Non c’è naturalmente niente di sbagliato in queste attività. Sono semmai lo spirito e la motivazione con cui vengono scelte e condotte a preoccupare, anche perché è facile rendersi conto che spirito e motivazione sono quel che resta, quel che si finisce per imparare: le attività non contano, conta invece essere assurdamente impegnati quattordici ore al giorno e primeggiare in tutto quel che si fa.
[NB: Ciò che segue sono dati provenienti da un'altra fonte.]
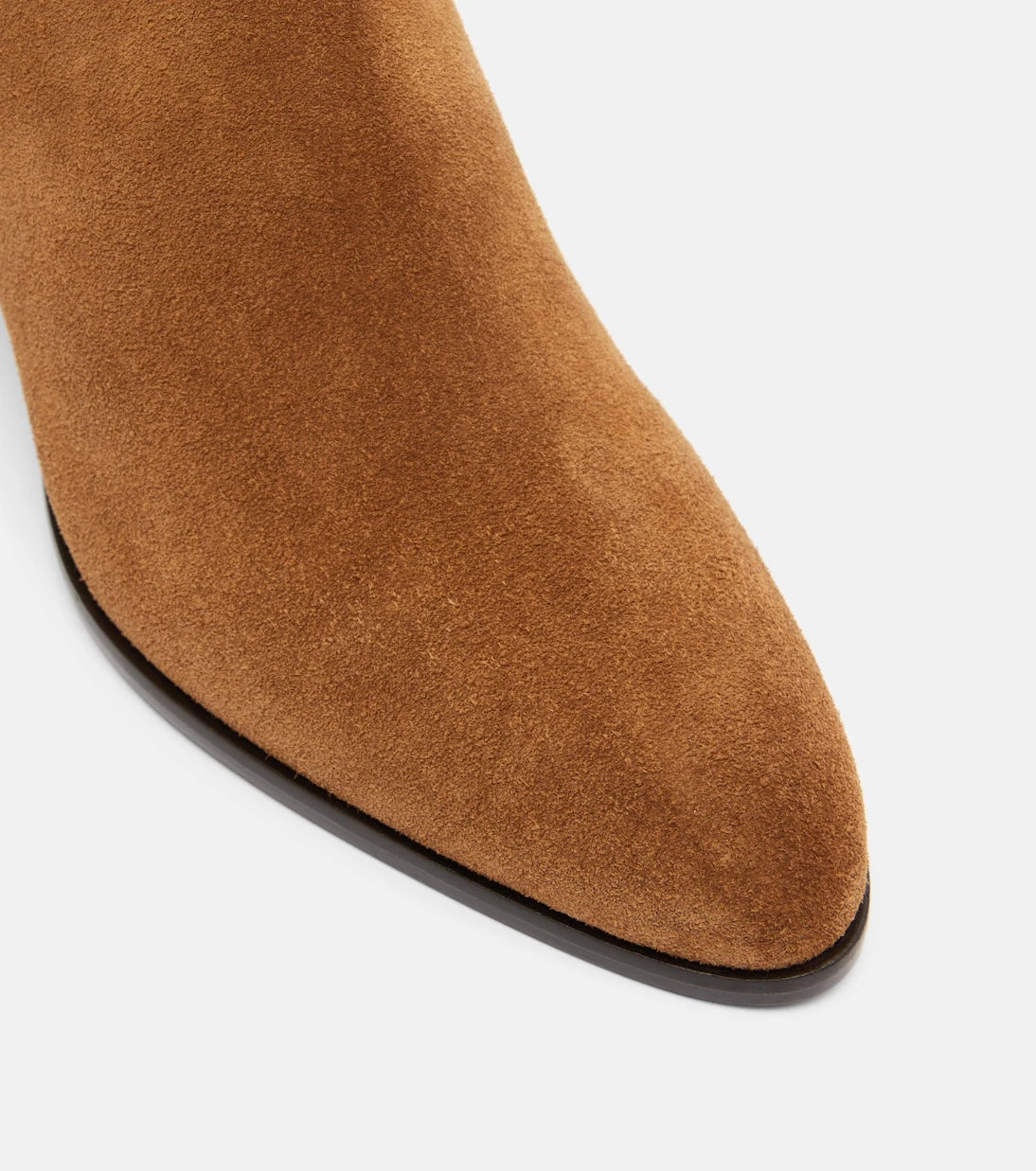 Isabel Marant - Miniky Button suede ankle boots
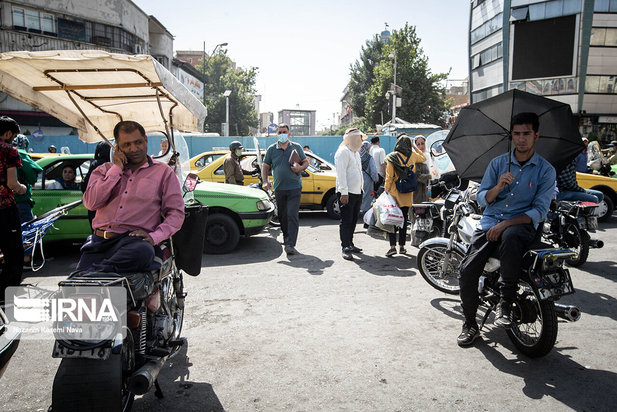 گرما در مدار ۴۰ درجه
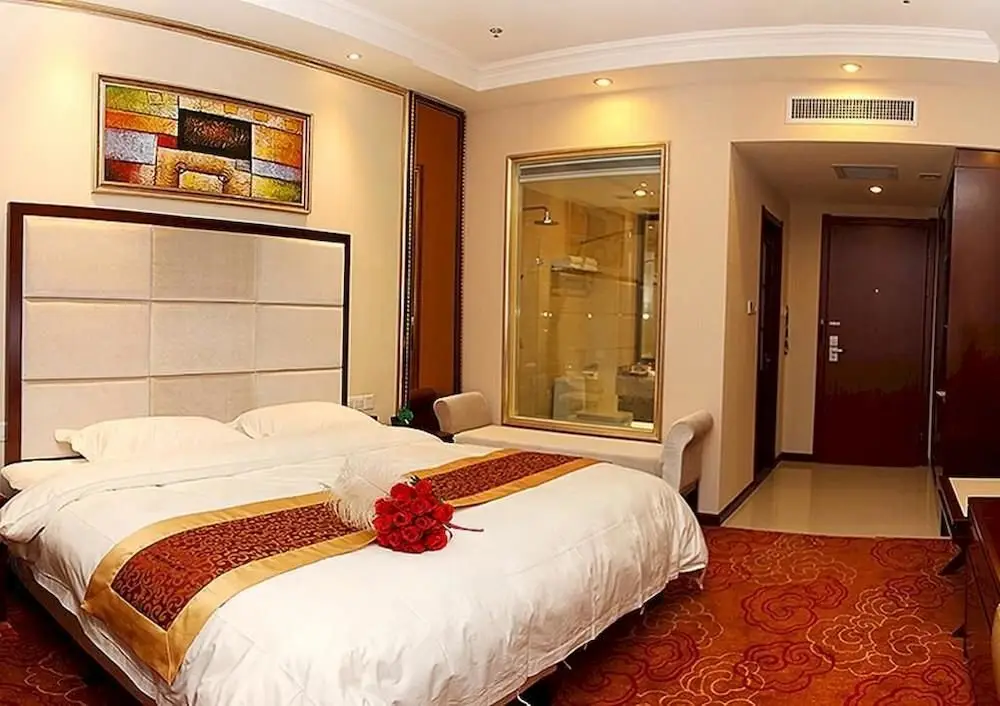 Тяньцзинь: Linhai Hotel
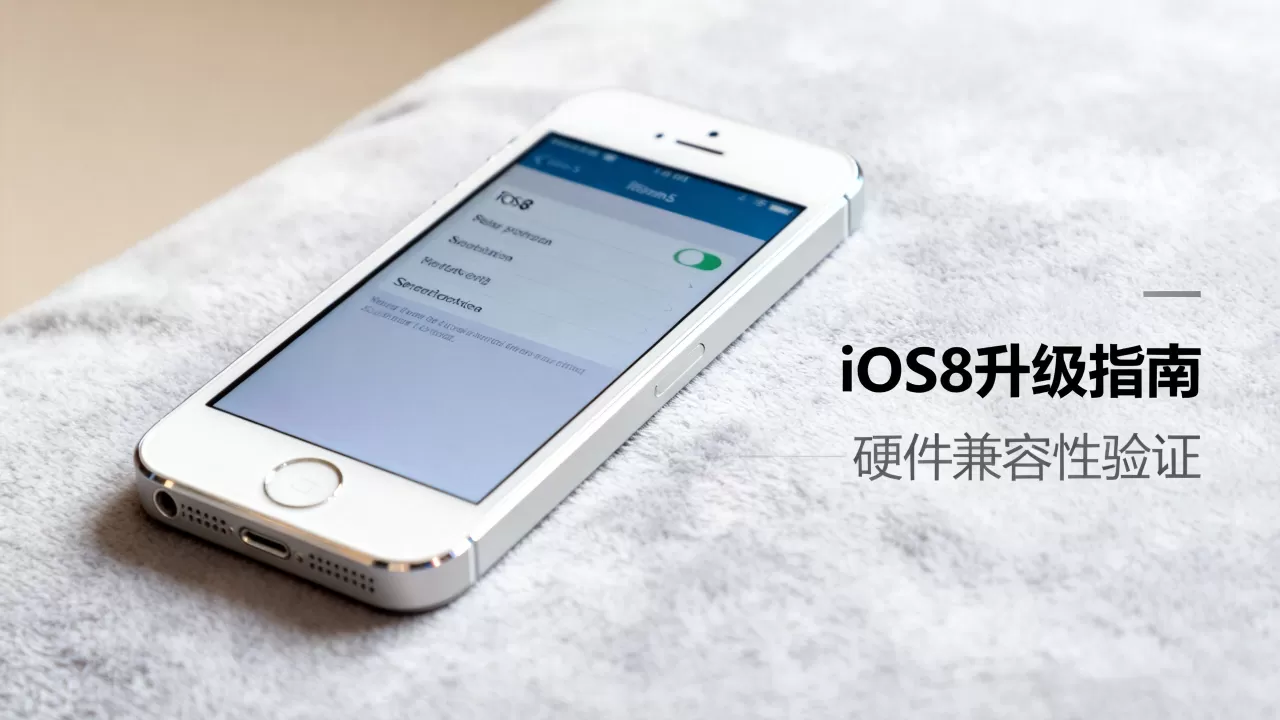 美版iphone5能升级ios8吗，美版iphone5 ios8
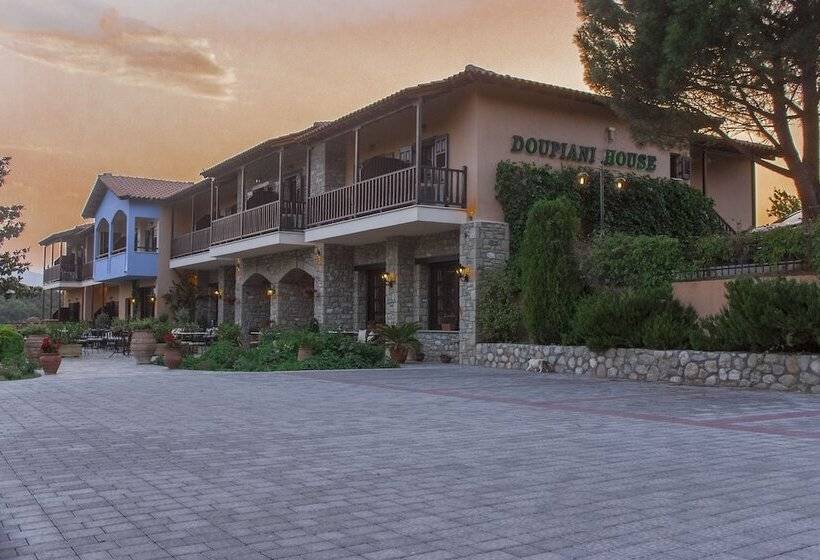 호텔 Doupiani House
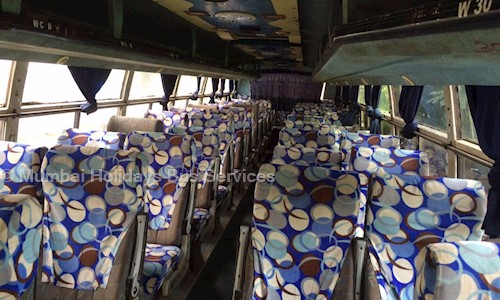 Mumbai Holidays Bus Services in Kharghar, Mumbai - 410210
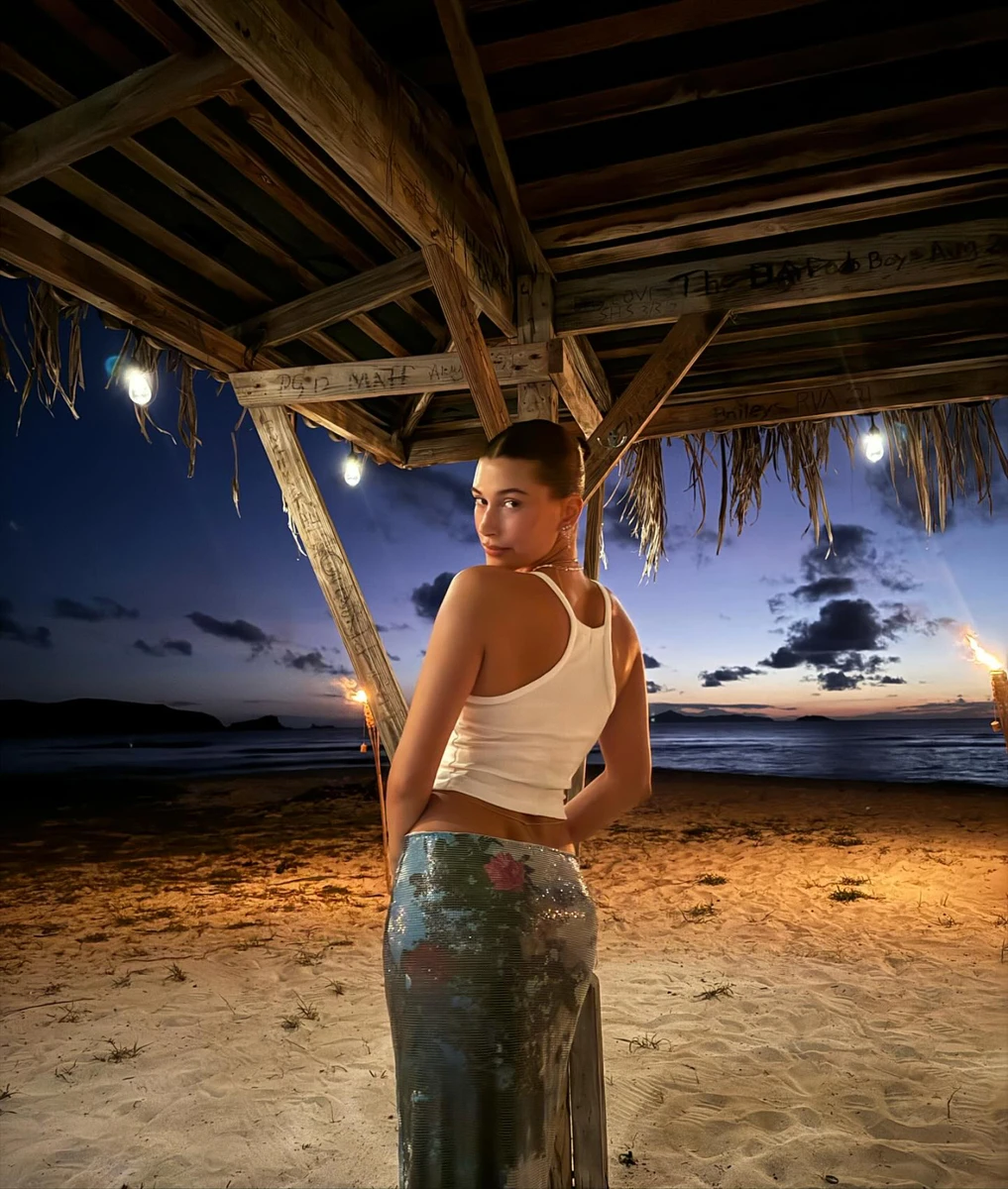 Мальовничий краєвид, з яким Хейлі вривається у 2024-й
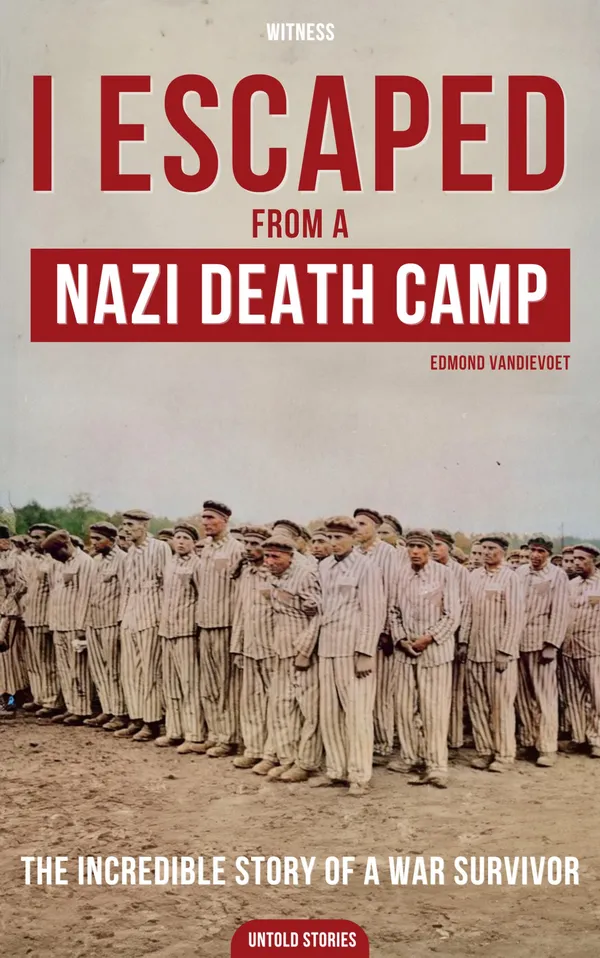 I Escaped From a Nazi Death Camp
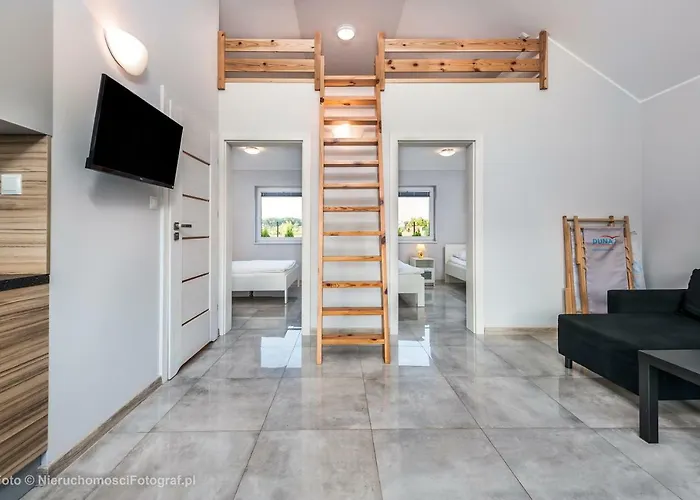 Vakantiehuis Letniskowe Dunaj *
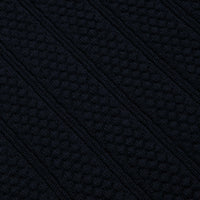 Norse Projects Hirtshals Knit Crewneck Sweatshirt in Dark Navy thumbnail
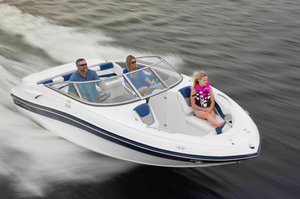 Rinker 216 Captiva BR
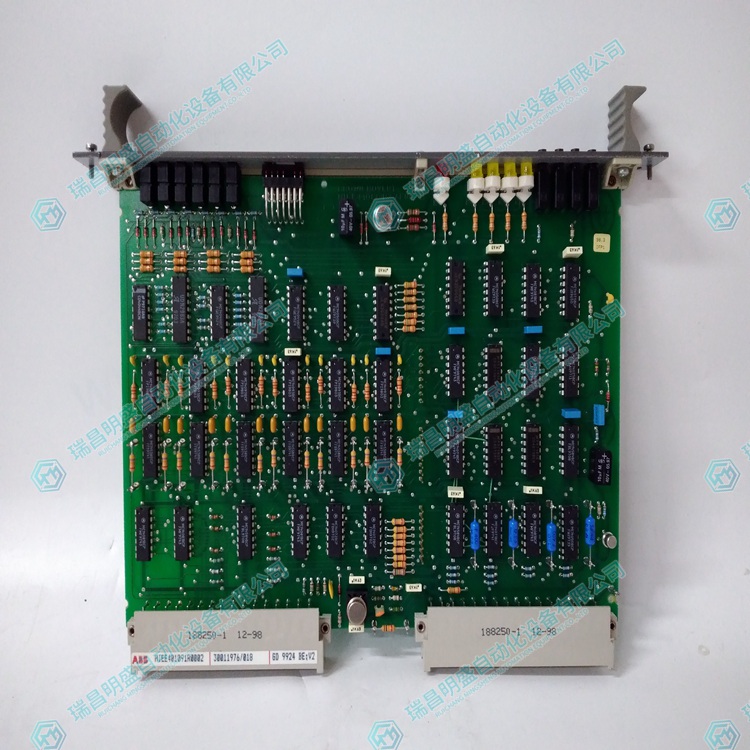 ABB GD9924BE 变频器模块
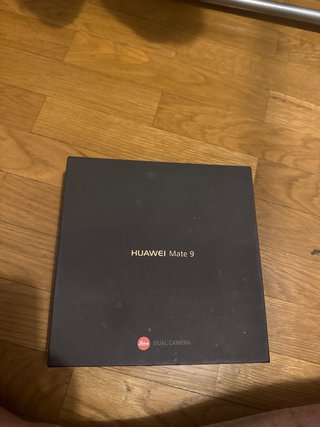 Huawei Mate 9 Negro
Schiacciati da tanti impegni, alcuni ragazzi contemplano il suicidio; per altri i genitori cercano assistenza fra i “consulenti educativi” che per la modica cifra di oltre cento dollari l’ora (un “pacchetto” complessivo di assistenza costa fino a 2.500 dollari) guidano gli studenti nell’interminabile percorso a ostacoli che prelude alla loro luminosa carriera. Ma l’aspetto forse più ironico della situazione è questo: molti hanno scoperto che per essere avvantaggiati nella loro corsa al college, i loro figli hanno bisogno di studiare più a lungo. Così, mentre in Italia impazza il modello americano di una scuola più breve ed efficiente, in America prosperano prep schools che offrono un anno supplementare di scuola superiore. Privatamente, è ovvio, cosicché solo chi si può permettere qualche decina di miglia di dollari in più partecipa a tale allargamento del sapere. E’ uno strano paese, questo: tutti si lamentano degli alti costi della benzina, ma nessuno vorrebbe pagare un centesimo di tasse in più per avere servizi pubblici che funzionano, tutti si fanno in quattro per tagliare i fondi all’istruzione (creando classi sempre più numerose e insegnanti sempre più oberati) ma sono ben contenti di investire fondi propri (e assai più rilevanti) per controbilanciare a livello personale gli effetti di questa politica. Misteri del “liberismo”!